03 août 2008

Le lean, « la culture du goulot », et la crise économique

Combien de fois avez vous entendu quelqu’un vous dire « pour conduire toute amélioration, il faut vous focaliser sur votre goulot d’abord! » ?

« L’œuvre de Dieu et la part du diable »
L’un des livres que je conseille très souvent à mes étudiants (ECP et SUPELEC) est « Le But » de Goldratt. En général, je l’accompagne toujours du commentaire : « tout n’y est pas parfait mais c’est un bon point de départ ». En effet, ce « best seller » a la puissance et l’inconvénient que peut avoir un slogan.
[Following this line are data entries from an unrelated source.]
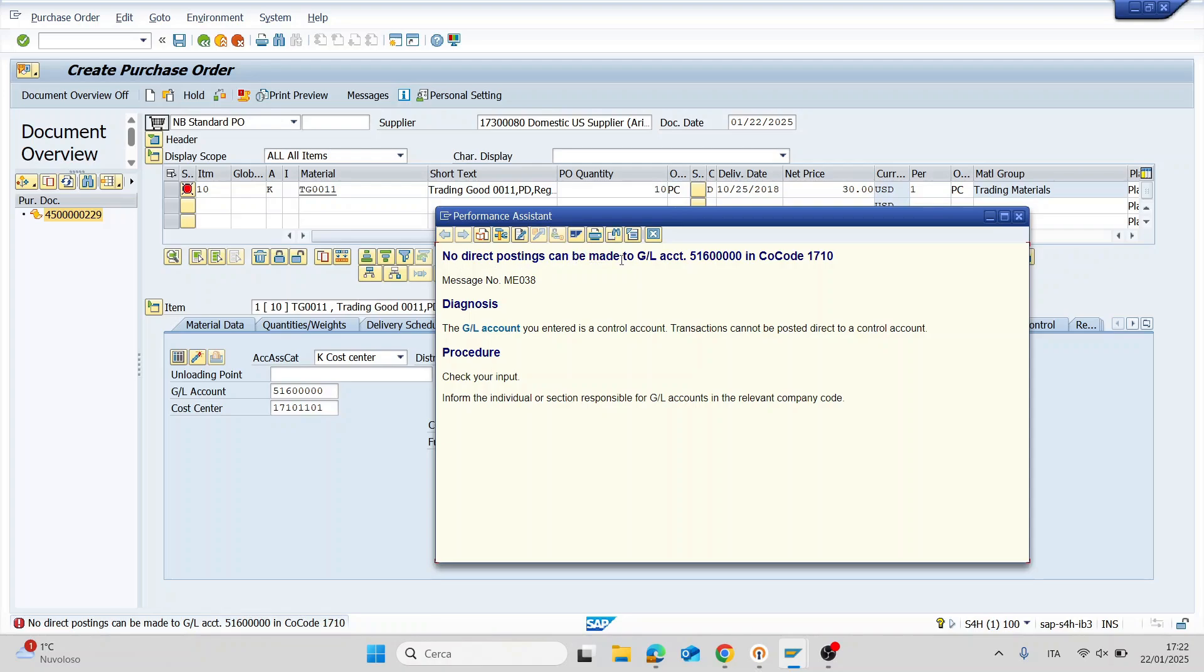A direct posting can be made to GL account in company code. So now I will show you how to solve this error.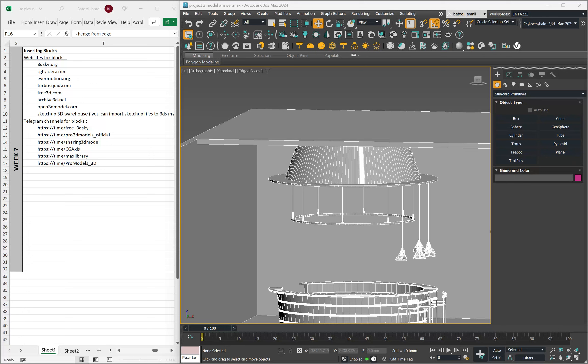In this video I'm going to show you how to download blocks and import them into 3ds Max. There are multiple websites available on the internet — you can open any website you want and download any block as long as the format is accepted by 3ds Max.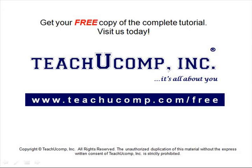Get your free copy of the complete tutorial at www.teachucomp.com/free.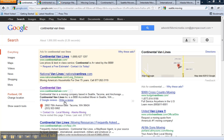Today I'm going to show you how to set up Google AdWords site links and ad extensions, and how to use the new AdWords ad extension conversion tracking.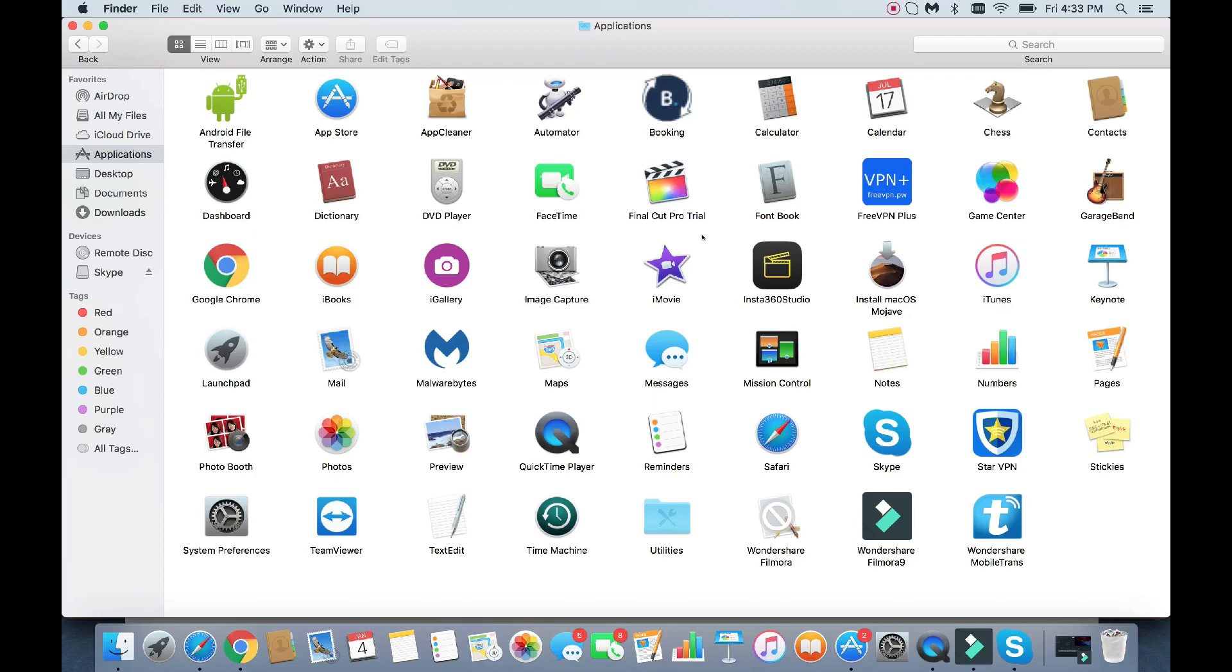All right, so you have a MacBook or iMac or any Apple computer and you basically want to be able to uninstall a program or application. I'm going to show you how to do that. It's not as easy as on a Windows PC, however, it's still pretty simple.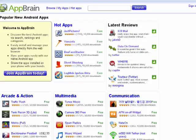Hi, this is Mike Hallahan, Dr. FileFinder, and welcome to your BetterSession.com tutorial on how to use AppBrain on your Android phone.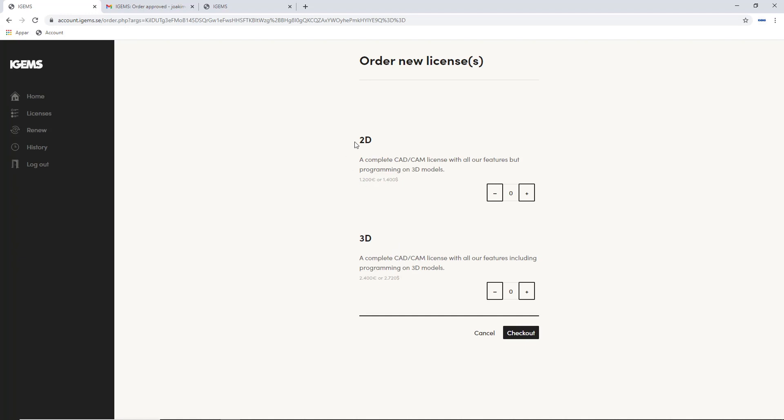And you can either select a 2D license if you only have a three-axis machine, or if you have a machine that's going to cut bubbles, you need the 3D option. So I want to cut 3D, so I'll add a 3D.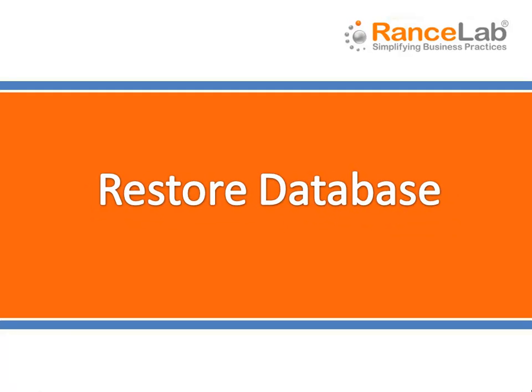Database manager, restoring database. This option is used in case you need to restore the data in other computer.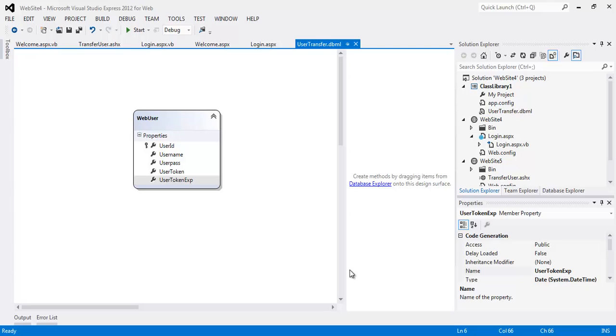However, they use the same database for authentication. So for this example, we have a shared table in a shared database called WebUser, which has a user ID which uniquely identifies the user, a username, a password, a token, and a token expiration.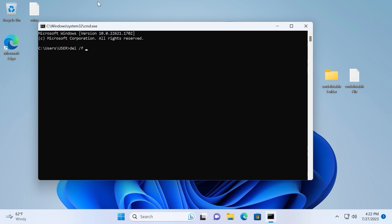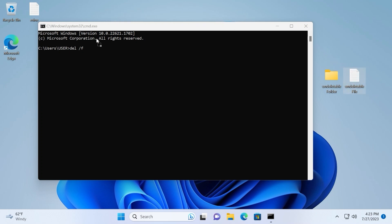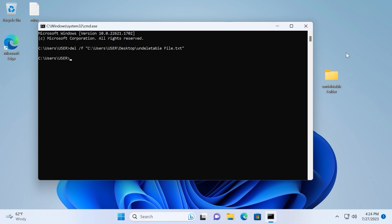But also I will show you the second method how to move the file to the command line. This method will work on Windows 10 as well. Click on the left mouse button on the file which you want to delete and hold it, and then move it to the command line. Yep, it was easy. After this you just need to press enter. As you can see file disappeared. That's great news because we can delete undeletable files.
Un slogan permet de communiquer de manière efficace mais il a également l’inconvénient d’être réducteur.

La prémisse de ce que j’appellerais la « culture du goulot » est : « il y a toujours un goulot dans votre usine » et le reste se passe comme suit :
1. trouvez ce goulot
2. supprimer le goulot
3. puis, passer au goulot suivant
4. aller à 2.

Cela est tellement bien respecté que dans certaines compagnies, la mission des personnes en charge de l’amélioration continue se résume a un travail de cherche-le-goulot-et-supprime-le.
En réalité il y a beaucoup de situations où le goulot n’est plus une contrainte. Dans ce cas que faut-il faire ?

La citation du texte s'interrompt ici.